Why does he have both a gun and a sword?  UNASK THE QUESTION.
The movie takes just about every catchphrase associated with the old toys and cartoons which made GI Joe such a beloved part of my pop-culture addled childhood and ham-fists them into the script. E.g., early on our two POV characters are rescued from an ambush by the current Joe team, loaded onto a jet, and flown back to the secret GI Joe headquarters. On the jet they receive medical attention including, presumably, morphine. As one of the characters, Ripcord, is getting a little loopy under the drugs, he reaches out and touches the head of one of his rescuers. “Man, you got some real lifelike hair,” Rip trippily observes. Since the observee is a dude, said dude grabs the drugged Ripcord by the wrist to force him to let go. “Ow, and a kung-fu grip!” The fact that Ripcord is high on morphine when he utters these non-sequitors (which are of course selling points that would have been emblazoned on GI Joe action figure boxes back in the day) is one of the most logically defensible things that happens throughout the movie. The rest of it would make anyone looking for logical consistency shout at the screen “What is going on? What just happened? Why would they do that?” for basically the entire running time. But turn off your brain, and it’s just a couple of hours of expertly choreographed and shot fight scenes and explosions and so forth.

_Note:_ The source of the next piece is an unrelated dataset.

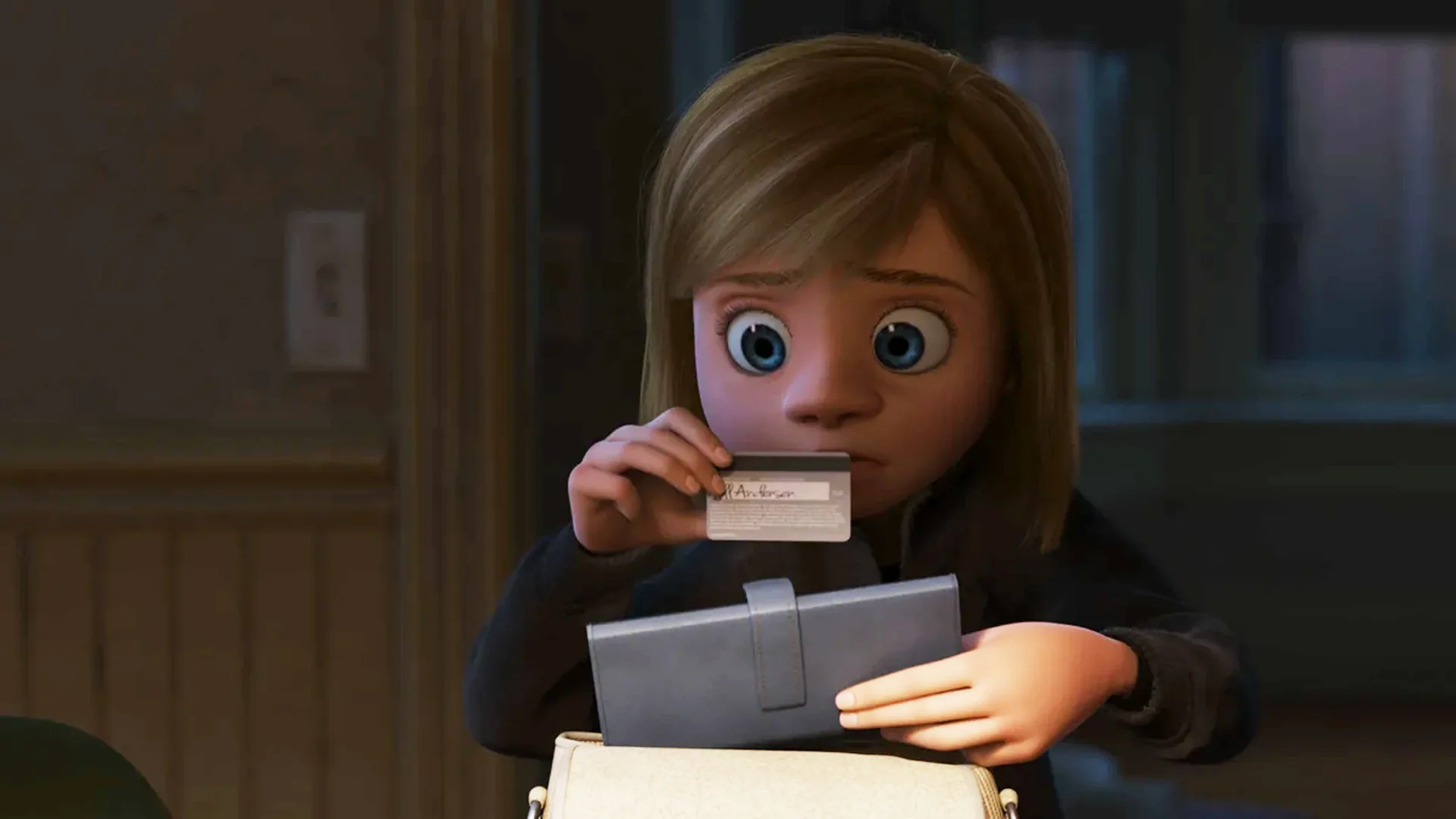 teorías oscuras de Disney y Pixar, Riley robando la tarjeta de su mamá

It may sound like I’m being sarcastic, but I’m honestly not. I do think there is a time and place for mindless entertainment in the form of delivery vectors for CGI carnage. Or even pencil-and-paper carnage. A different buddy and I were discussing comic books a week or two ago, which led naturally into talking about comic book fans themselves, and how a certain vocal subset of them hate when the publishers make large-scale changes to their offerings, particularly when the fans can envision ways that things could have stayed the same and still made sense. (For instance, Superman has been around since the late 30’s, and also is portrayed as if he’s in his late 30’s. The comic book makers explain this away with sometimes-vague, sometimes-hyperspecific statements about how Superman only landed as a baby on earth 30-some years ago, and any stories the fans may be familiar with which certainly seem tied to a certain place and time in the more distant past either never happened, or happened in some convolutedly different way, etc. So Superman’s fictional history, unbound by the laws of time and space and causality and so forth because, again, FICTIONAL, is ever-changing. But lots of people hate change, and so.) My buddy and I agreed that this vocal subset is largely missing the point, and one way of clearly stating the point is to say “internal consistency is overrated”.

And I’m coming to very strongly believe that, not just as a phrase that came up once but as great entertainment-consumption advice. It’s not that internal consistency doesn’t matter at all. It’s not that stories can’t be both logical and amusing, that you always have to expect coherence to be sacrificed in the name of pure unadulterated awesome. But it is a caution against getting one’s priorities all out of whack. I suppose the full expression of the axiom is “When internal consistency is considered the most important thing, it is overrated.” But that happens so often, especially among continuity-obsessed detail-oriented nerds, that it almost goes without saying. Geek culture (my culture, I admit) tends to overrate these kind of things. And get mocked for it, and rightly so. But there are rewards to be reaped for letting it go (sometimes, within reason, etc.) That makes it a good mantra as far as I’m concerned.

Tuesday, July 26, 2011

Besieged

I skipped work (and blogging) yesterday, because I gave myself a personal leave day to take care of various and sundry things around the house. The dire fact is that most if not all of the major kingdoms of the biological world were encroaching on our domicile in increasingly hard to ignore ways.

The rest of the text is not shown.